Knead the dough on a floured surface and roll out into a large 18 by 14-inch rectangle. Scatter the cheese and mortadella over the surface to within an inch of the edges. Sprinkle with salt and pepper.
Starting at the longest side, roll the dough up as for a jellyroll, making sure to tuck in the ends and place it in the tube pan. Tuck the two ends together.
Cover and allow to rise for about 1 hour or until the dough is 3/4 of the way up the sides of the pan.
Bake for 45 minutes to an hour or until golden brown. Let cool on a rack then run a butter knife along the inside edges of the pan, loosen the bottom and remove it.
Turn the bread out. Serve warm; cut into wedges.
In this series on Italian regional cooking, I have been working my way around the Italian peninsula. The series started with the northern regions and now it is moving into the central areas. Todays post is on Umbria, the only Italian region having neither a coastline nor a border with another country. The region is mostly mountainous and hilly and presents a landscape rich in forests, water resources and valleys. Lake Trasimeno is located here.
In literature, Umbria is referred to as il cuore verde d’Italia (the green heart of Italy). The phrase is taken from the poem, Barbarian Odes, by Giosuè Carducci, an italian Nobel prize-winning poet. The poem is one most familiar to Italian school children and is entitled “Le fonti del Clitumno” (“The Head-waters of the Clitumnus”), a description of that spot in the hills of Umbria where the Clitunno River had its beginning. Carducci wrote the ode between July and October 1876. It is generally considered one of Carducci’s best poems combining pastoral beauty with nostalgia for the glories of ancient Italy.

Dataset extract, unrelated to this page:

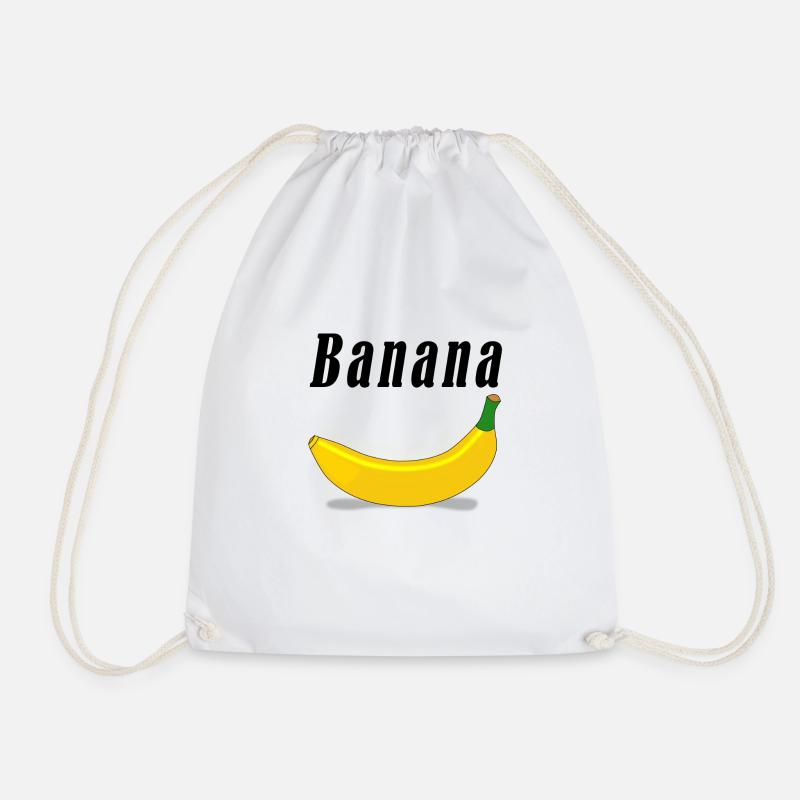 Banana - Drawstring Bag - white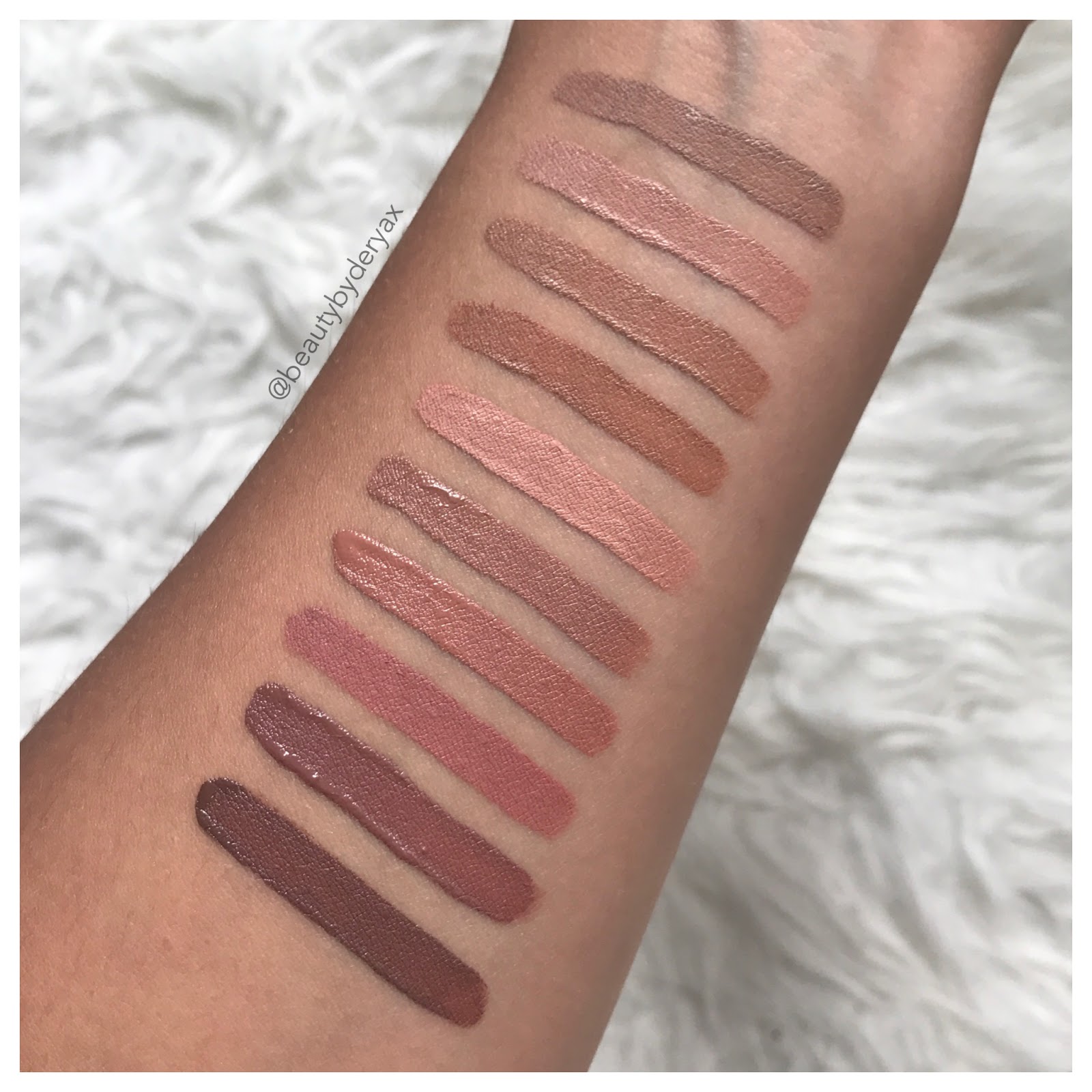 Nip+Fab Matte Liquid Lipsticks! beautybyderyax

The flocks still come down to you, o Clitumnus, from the far mountains that move with the murmur of breeze-swept ash groves and fresh scent of sage and thyme in the damps of evening.
The young Umbrian shepherd immerses his reluctant sheep in your waters.
By a farmhouse a barefoot mother sits and sings, nursing her child, who looks to the shepherd and smiles.
The pensive father with goatish hair, at his painted cart, turns on his hips like the beasts of old, with the strength of a young bull, like those square of breast, erect and crowned by crescent horns, sweet in their eyes and snow-white, much beloved by gentle Virgil.
The darkening clouds hang like smoke on the Apennines: grand, austere and green from the spreading mountains, Umbria watches. Hail, green Umbria, and you the fount of god Clitumnus.
I feel in my heart the ancient home, my fevered brow touched by the olden gods of Italy.
The region is named for the Umbri tribe, one of the many tribes who were absorbed by the expansion of the Romans. The Umbri probably sprang from neighboring tribes in northern and central Italy, at the beginning of the Bronze Age. The Etruscans were the chief enemies of the Umbri. The Etruscan invasion came from the western coast towards the north and east, eventually driving the Umbrians inland. Nevertheless, the Umbrian population does not seem to have been eradicated by the conquerors. After the downfall of the Etruscans, Umbrians aided the Samnites in their struggle against Rome (308 BC). However, the Romans defeated the Samnites and their allies. The Roman victory started a period of integration under the Roman rulers, who established colonies in the region.
The modern region of Umbria is different from the Umbria of Roman times. Roman Umbria extended through most of what is now the northern Marche region. After the collapse of the Roman empire, Ostrogoths and Byzantines struggled for supremacy in the region. The Lombards founded the duchy of Spoleto, covering much of today’s Umbria and when Charlemagne conquered the Lombard region, some Umbrian territories were given to the Pope. After the French Revolution and the French conquest of Italy, Umbria became part of the Roman Republic (1798–1799) and later, part of the Napoleonic Empire. After Napoleon’s defeat, the Pope regained Umbria and ruled it until 1860.
Following Italian unification in 1861, Umbria was incorporated into the Kingdom of Italy. The present borders of Umbria were fixed in 1927 and in 1946 Umbria became part of the Italian Republic.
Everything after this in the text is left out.